Kevin-Graham
Enthusiast
Enthusiast

Multiple storage on multiple sites

Jump to solution

Hi all

I have two sites that a VMware cluster will reside across. I will have storage in both locations.

To keep ISL traffic to a minimum I would like to have the VMs that are residing on the hosts in Site A to stay there (only DRS amongst themselves), pointing to storage in Site A; the VMs that are residing on the hosts in Site B to stay there, pointing to storage in Site B.

I would like HA be allowed to move them however.

Is there any way of doing this?

TIA

Kevin

0 Kudos
1 Solution

Accepted Solutions
jhanekom
Virtuoso
Virtuoso

I get what you're trying to do, and have been wondering about this myself.

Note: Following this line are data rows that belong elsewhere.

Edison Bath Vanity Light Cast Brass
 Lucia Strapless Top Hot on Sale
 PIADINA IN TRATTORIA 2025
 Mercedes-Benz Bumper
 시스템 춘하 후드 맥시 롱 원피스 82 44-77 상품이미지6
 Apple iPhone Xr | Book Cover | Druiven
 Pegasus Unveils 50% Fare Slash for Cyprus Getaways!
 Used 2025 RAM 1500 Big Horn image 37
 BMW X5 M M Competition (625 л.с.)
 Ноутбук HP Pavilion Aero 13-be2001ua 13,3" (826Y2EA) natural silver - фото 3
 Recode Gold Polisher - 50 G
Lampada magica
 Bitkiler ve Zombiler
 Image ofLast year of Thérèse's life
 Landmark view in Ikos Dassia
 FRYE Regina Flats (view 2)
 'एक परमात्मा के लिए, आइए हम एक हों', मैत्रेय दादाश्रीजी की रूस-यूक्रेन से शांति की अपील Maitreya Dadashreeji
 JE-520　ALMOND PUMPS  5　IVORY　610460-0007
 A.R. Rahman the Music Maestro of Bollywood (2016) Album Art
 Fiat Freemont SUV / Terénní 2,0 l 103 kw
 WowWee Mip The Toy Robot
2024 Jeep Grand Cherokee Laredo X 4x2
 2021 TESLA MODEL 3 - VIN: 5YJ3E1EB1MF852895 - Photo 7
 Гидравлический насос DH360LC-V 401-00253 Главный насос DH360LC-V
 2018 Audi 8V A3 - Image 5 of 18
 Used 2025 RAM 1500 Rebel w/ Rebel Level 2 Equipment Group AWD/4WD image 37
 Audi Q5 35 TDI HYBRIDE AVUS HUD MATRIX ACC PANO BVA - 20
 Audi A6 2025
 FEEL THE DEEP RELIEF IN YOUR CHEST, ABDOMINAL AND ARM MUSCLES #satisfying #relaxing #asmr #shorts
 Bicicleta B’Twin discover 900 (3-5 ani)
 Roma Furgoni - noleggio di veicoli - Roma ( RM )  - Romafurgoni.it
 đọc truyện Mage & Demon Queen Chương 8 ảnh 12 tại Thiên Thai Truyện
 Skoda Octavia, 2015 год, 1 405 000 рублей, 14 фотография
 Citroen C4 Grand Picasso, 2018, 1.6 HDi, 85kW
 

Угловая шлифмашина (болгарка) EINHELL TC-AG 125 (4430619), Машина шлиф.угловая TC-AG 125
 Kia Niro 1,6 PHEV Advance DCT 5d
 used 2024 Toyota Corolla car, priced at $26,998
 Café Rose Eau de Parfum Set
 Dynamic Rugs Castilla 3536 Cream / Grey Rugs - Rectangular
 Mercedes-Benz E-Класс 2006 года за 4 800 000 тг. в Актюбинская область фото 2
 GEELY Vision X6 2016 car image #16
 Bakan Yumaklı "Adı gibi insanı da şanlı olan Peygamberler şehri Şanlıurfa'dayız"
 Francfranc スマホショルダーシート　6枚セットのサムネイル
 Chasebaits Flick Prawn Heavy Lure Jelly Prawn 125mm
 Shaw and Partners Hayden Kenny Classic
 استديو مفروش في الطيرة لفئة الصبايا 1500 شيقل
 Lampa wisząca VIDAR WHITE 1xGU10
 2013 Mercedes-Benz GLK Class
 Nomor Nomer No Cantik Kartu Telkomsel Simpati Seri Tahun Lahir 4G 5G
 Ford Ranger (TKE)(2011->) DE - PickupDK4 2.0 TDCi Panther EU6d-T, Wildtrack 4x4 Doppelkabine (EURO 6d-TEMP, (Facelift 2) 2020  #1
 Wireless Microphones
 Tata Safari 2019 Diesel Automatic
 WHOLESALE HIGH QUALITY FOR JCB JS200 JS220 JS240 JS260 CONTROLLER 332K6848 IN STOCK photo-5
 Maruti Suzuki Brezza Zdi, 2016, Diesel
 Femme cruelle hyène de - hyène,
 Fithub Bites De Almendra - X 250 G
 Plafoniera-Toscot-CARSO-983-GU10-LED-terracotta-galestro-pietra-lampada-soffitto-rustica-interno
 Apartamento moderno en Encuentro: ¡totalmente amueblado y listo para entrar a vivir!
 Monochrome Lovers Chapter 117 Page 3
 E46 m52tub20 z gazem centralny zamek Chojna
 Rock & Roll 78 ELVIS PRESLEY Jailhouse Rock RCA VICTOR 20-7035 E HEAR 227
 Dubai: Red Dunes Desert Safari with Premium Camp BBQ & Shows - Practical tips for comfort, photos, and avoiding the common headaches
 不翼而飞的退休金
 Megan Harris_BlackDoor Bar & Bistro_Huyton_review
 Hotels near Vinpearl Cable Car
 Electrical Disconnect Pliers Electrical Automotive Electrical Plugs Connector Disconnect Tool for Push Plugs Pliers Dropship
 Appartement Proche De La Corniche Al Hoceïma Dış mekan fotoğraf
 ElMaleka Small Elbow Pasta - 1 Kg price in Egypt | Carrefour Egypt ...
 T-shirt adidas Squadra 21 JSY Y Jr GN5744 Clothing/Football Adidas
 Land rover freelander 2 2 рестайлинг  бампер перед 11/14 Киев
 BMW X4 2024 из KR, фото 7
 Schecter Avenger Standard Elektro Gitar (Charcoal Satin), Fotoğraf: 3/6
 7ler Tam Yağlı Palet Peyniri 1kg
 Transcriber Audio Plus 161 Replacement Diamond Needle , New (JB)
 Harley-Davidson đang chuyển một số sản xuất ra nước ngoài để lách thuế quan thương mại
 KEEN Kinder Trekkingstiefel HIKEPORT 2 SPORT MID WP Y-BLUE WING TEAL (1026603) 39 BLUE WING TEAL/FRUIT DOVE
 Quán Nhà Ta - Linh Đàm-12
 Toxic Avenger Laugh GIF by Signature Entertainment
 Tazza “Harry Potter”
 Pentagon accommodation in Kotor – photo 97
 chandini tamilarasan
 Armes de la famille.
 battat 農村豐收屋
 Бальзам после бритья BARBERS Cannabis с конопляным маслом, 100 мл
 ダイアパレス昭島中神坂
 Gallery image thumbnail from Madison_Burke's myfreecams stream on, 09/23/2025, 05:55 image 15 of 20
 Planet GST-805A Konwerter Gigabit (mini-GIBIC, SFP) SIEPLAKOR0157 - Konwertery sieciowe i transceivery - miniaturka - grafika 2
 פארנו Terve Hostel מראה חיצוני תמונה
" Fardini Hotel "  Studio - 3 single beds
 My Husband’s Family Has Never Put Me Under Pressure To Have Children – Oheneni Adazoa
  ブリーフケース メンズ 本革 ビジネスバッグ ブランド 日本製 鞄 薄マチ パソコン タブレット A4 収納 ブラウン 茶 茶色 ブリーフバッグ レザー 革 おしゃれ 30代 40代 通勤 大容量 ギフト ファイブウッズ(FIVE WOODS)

The product itself does not allow you to group hosts within a cluster. The only "cheat" I can think of is to trick ESX into believing that the hosts aren't VMotion compatible.

Provided you have recent processors, how about enabling NX on the processors of site A and disabling it on the processors on site B? This way, DRS won't consider the servers in site B to be candidates when it needs to distribute load in site A. However, HA will still function, as it doesn't particularly care about whether hosts are have the NX bit set or not.

View solution in original post

0 Kudos
8 Replies
polysulfide
Expert
Expert

I don't see HA working across sites well. Without storage motion, you would need to be using iSCSI to do HA. iSCSI would allow you to run a VM at a different site but I doubt performance would be great. Unless your VMs have a complicated multi-homed netowrk configuration, you would need your two sites to be on the same subnet for HA to be seamless. I don't see that as being a reality either.

Here's what I would do:

Setup a separate cluster at each site.

Virtualize your Virtual Center Server so it can be replicated to your failover site.

Setup a different cluster for each site and have local HA

Develop a snapshot/replication strategy to get copies of your VMs to each site.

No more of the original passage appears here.